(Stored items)
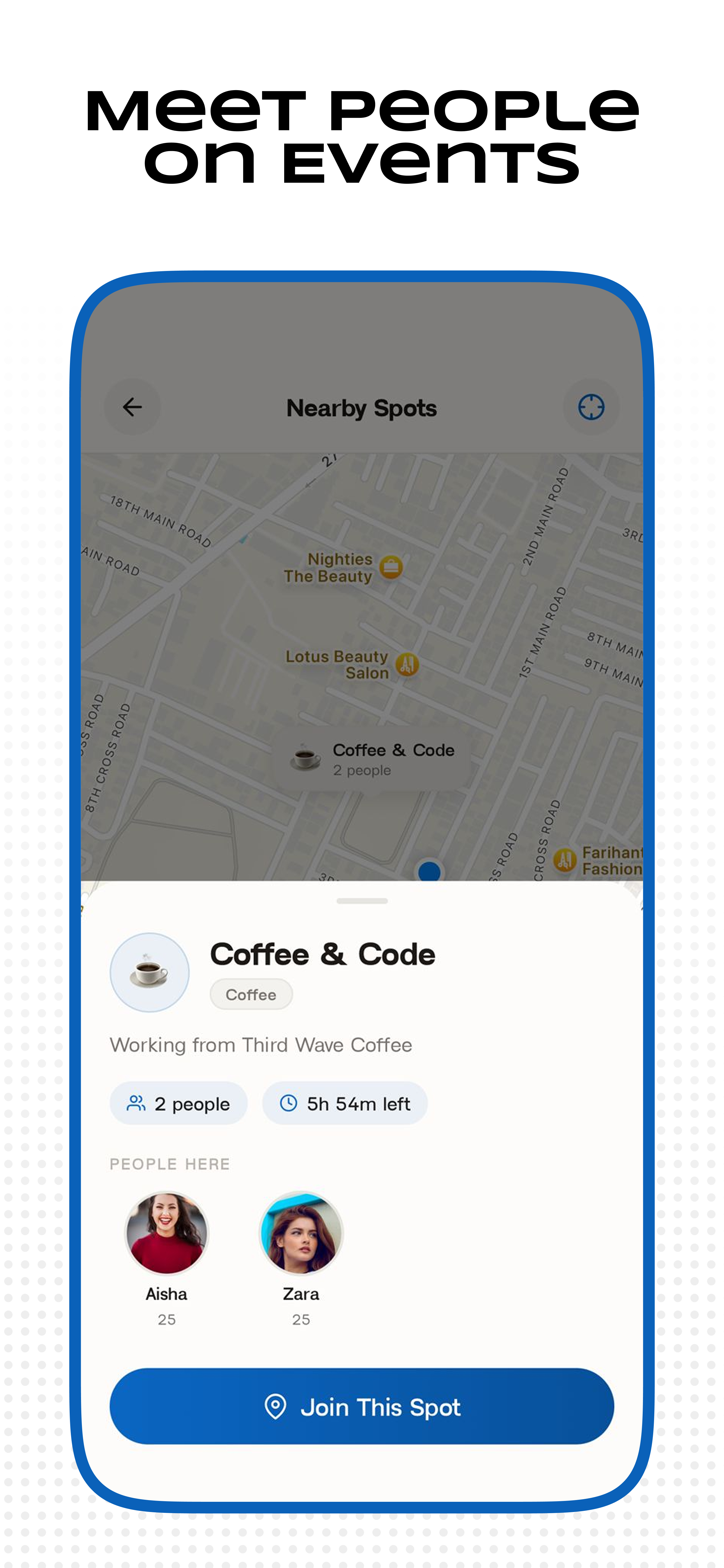 A Wavy Spot — Coffee & Code, showing the people currently there and a Join This Spot button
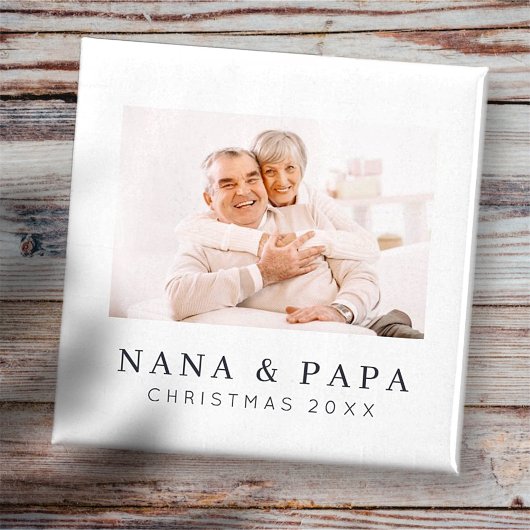 Eenvoudig modern Chic Custom Grandma Photo Holiday Magneet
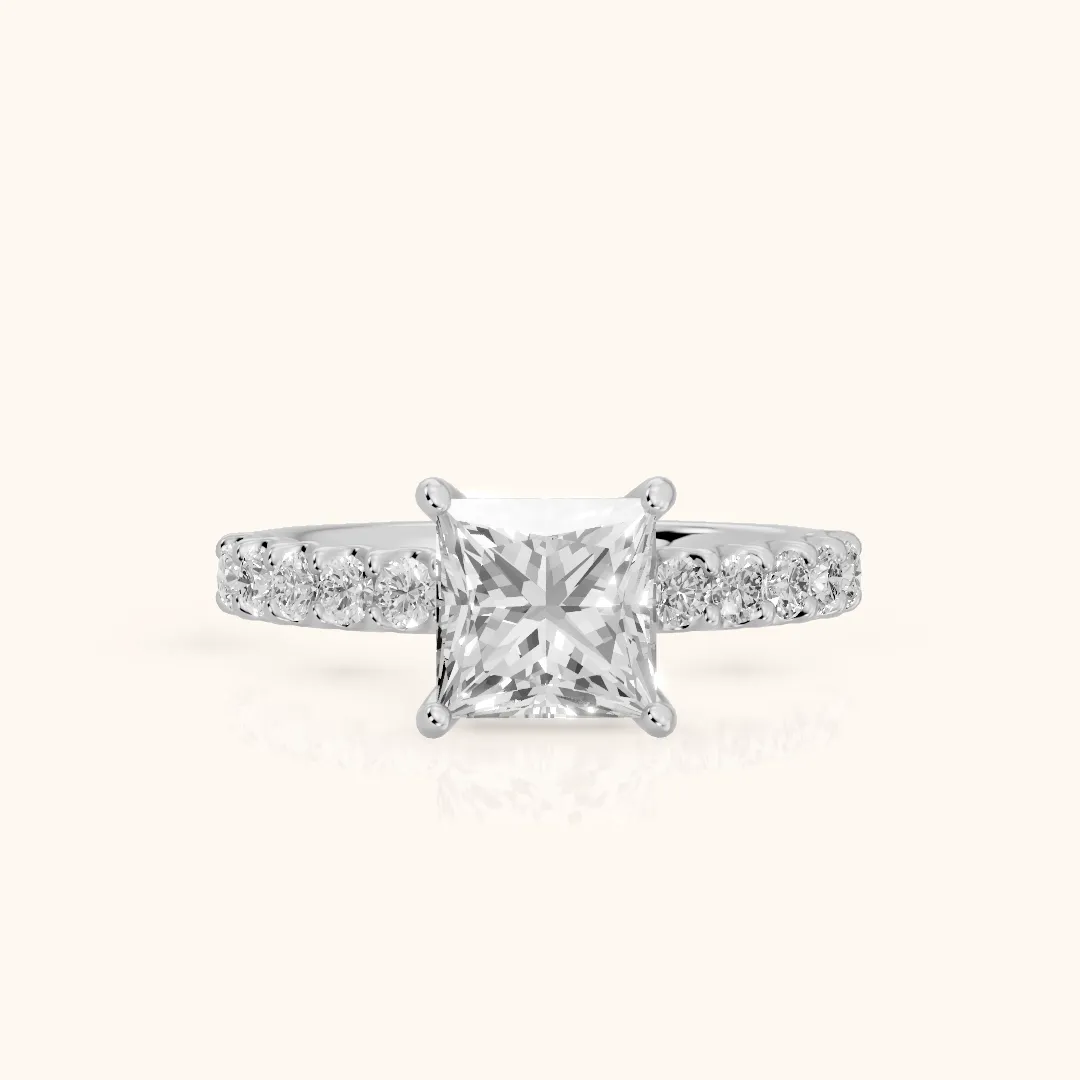 Lynn Statement Pavé Princess Diamond Engagement Ring in Platinum — view 2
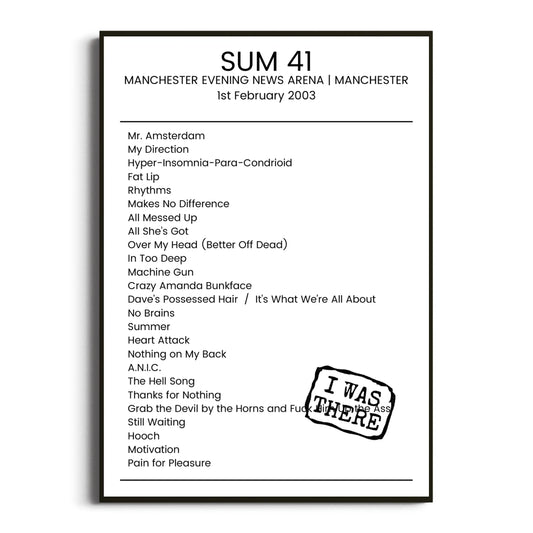 Sum 41 Manchester 01 February 2003 Setlist Poster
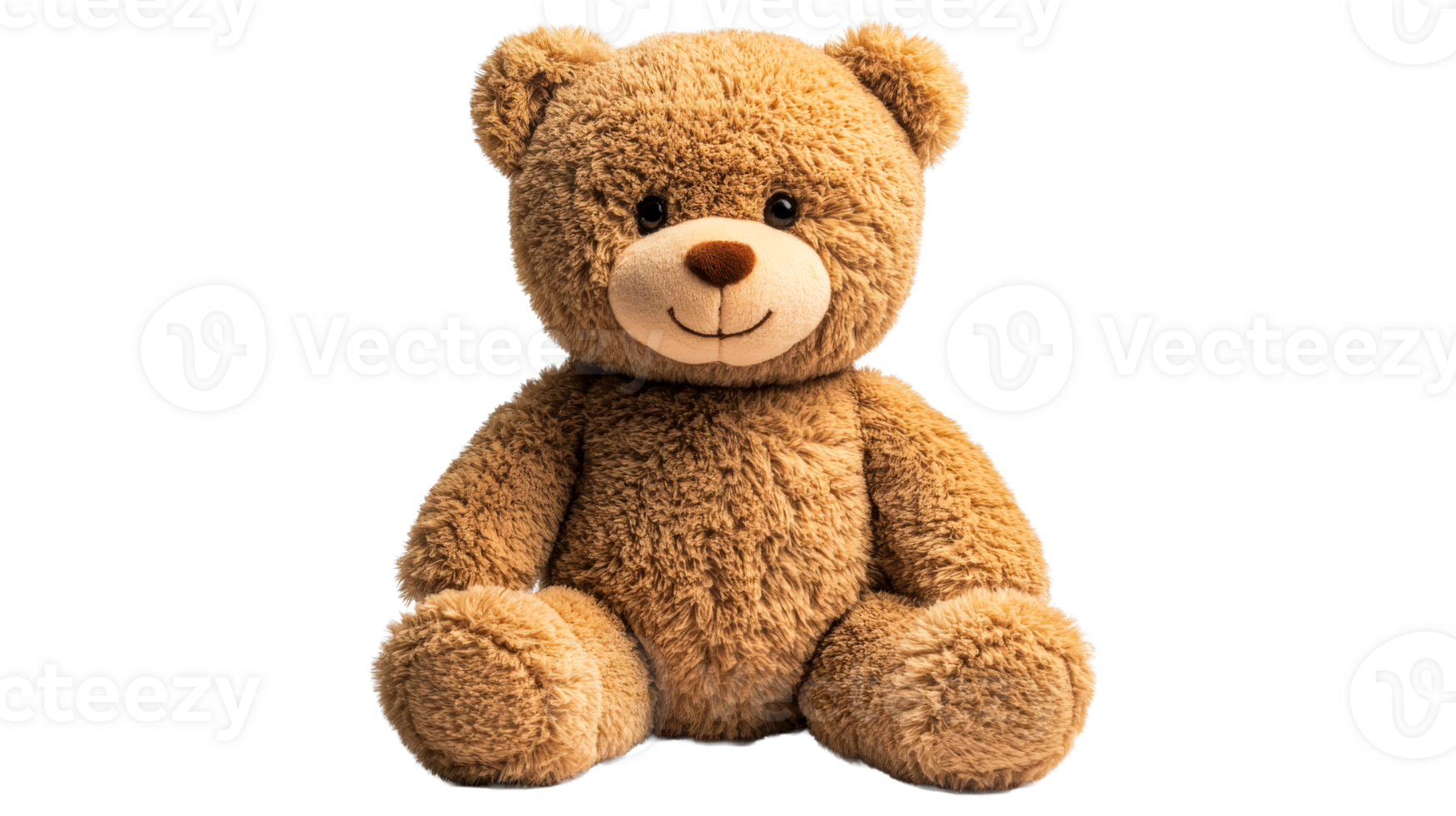 Plush teddy bear with brown fur and a sweet smile, cut out transparent png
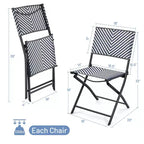 Costway Lot de 4 chaises de salle à manger pliantes en rotin pour patio, camping, jardin portable
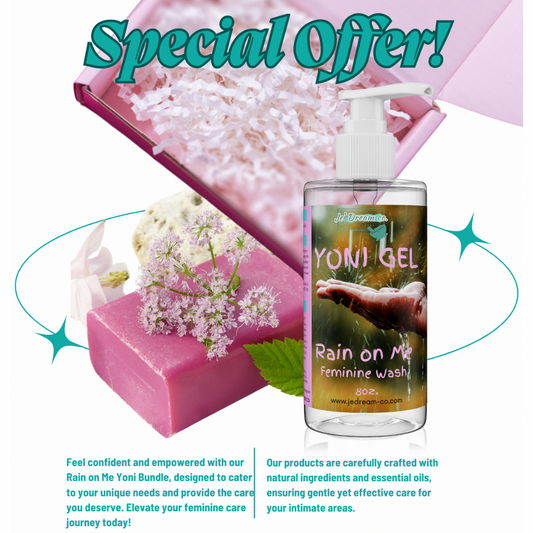 Packet of my yoni bundle with pink gift box peppermint leaf in background 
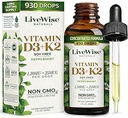LiveWise Naturals Vitamina D3 con K2 Liquid Drops, All Natural, Non-GMO, USA Made, 1208 IU Vitamina D3 &amp; 25 mcg K2, Supports Bone Health and Energy Levels, Infused with Peppermint, Olive, and MCT Oil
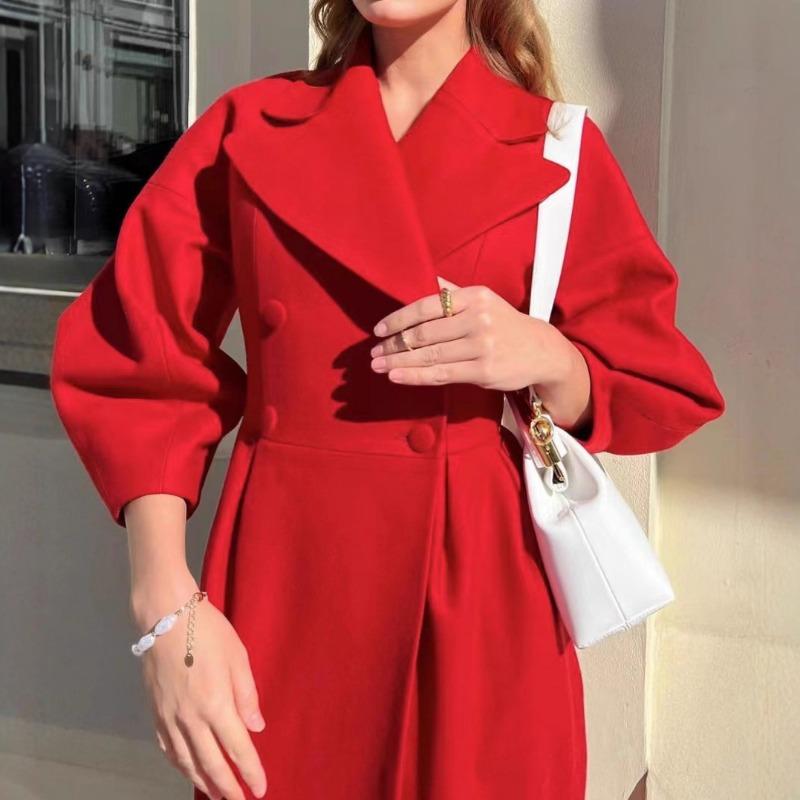 Vintage Court Style Waist Cinched Long Turn Down Collar Lantern Sleeve Overcoat For Women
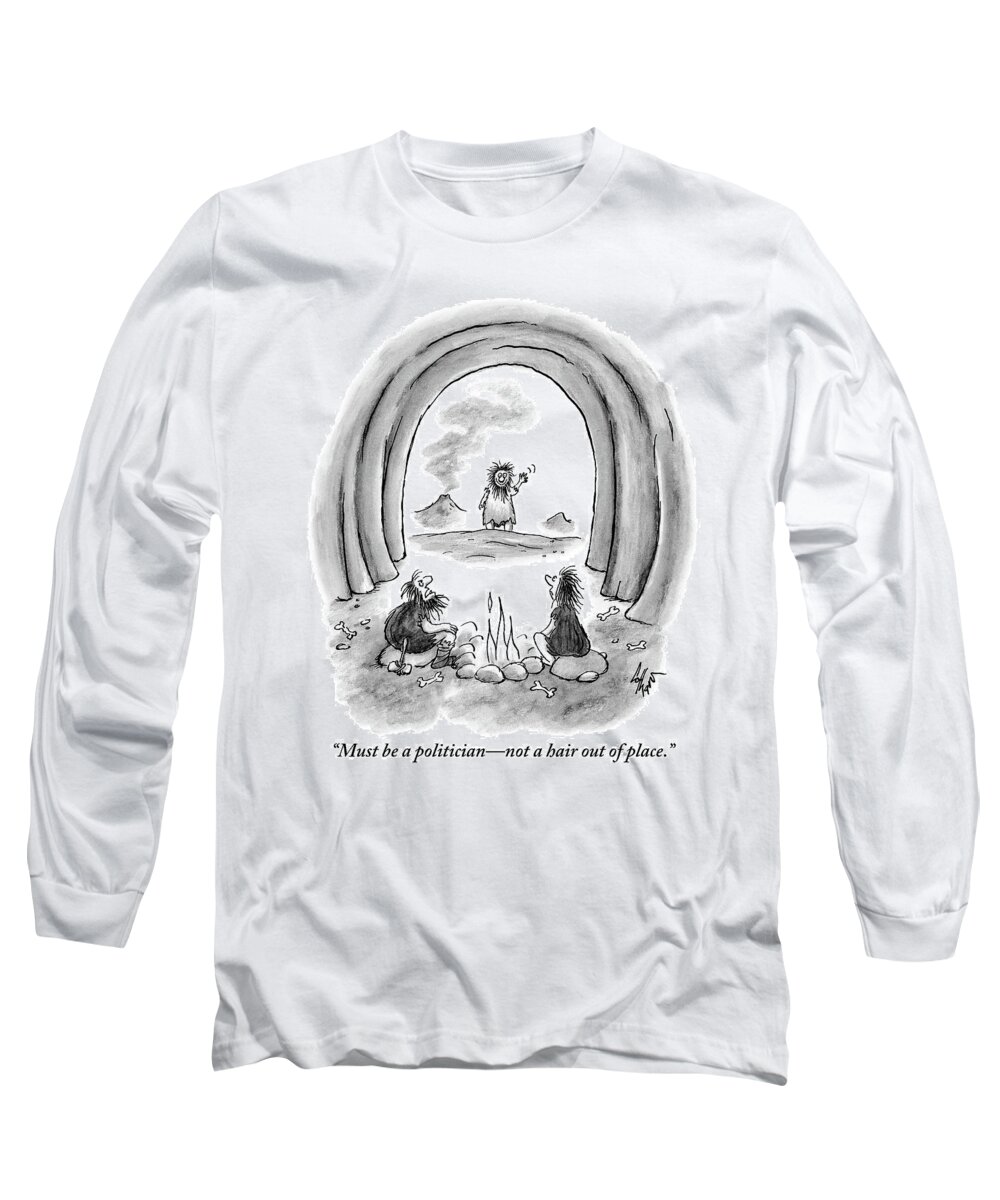Cave Dwellers Long Sleeve T-Shirt featuring the drawing A Man And A Woman In Caveman Attire Sit Next by Frank Cotham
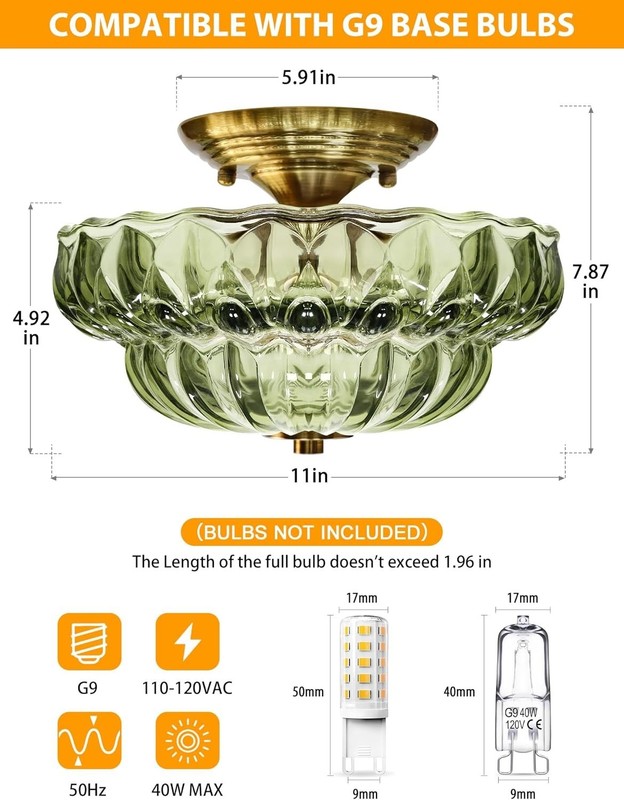 11" Semi Flush Mount Ceiling Light Vintage Gold 3-Light Green Glass Fixture gallery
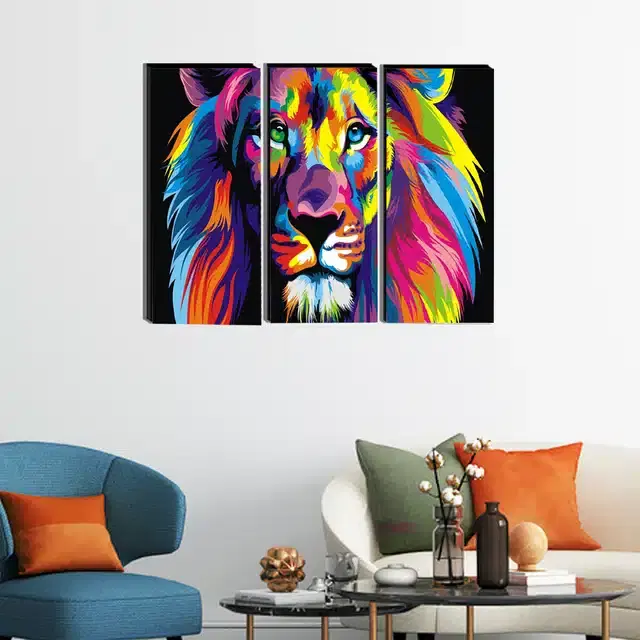 Wooden Wall Paintings, Set of 1, Multicolor, 24x16 Inches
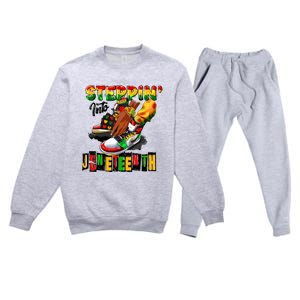 Steppin Into Juneteenth African Pride Black African Boy Premium Crewneck Sweatsuit Set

*Task*: The answer should consist only of the lines from the line with "Cave Dwellers Long" through the last line of the data, repeated exactly; pictures stay out.

*Answer to the problem*:
Cave Dwellers Long Sleeve T-Shirt featuring the drawing A Man And A Woman In Caveman Attire Sit Next by Frank Cotham
 11" Semi Flush Mount Ceiling Light Vintage Gold 3-Light Green Glass Fixture gallery
 Wooden Wall Paintings, Set of 1, Multicolor, 24x16 Inches
 Steppin Into Juneteenth African Pride Black African Boy Premium Crewneck Sweatsuit Set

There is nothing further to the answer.